The listing that follows should be copied in full, exactly as written.

# COLLECTED MATERIAL
====

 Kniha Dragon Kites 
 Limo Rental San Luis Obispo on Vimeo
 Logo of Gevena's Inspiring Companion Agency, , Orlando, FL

====

# YOUR SOLUTION
 Kniha Dragon Kites 
 Limo Rental San Luis Obispo on Vimeo
 Logo of Gevena's Inspiring Companion Agency, , Orlando, FL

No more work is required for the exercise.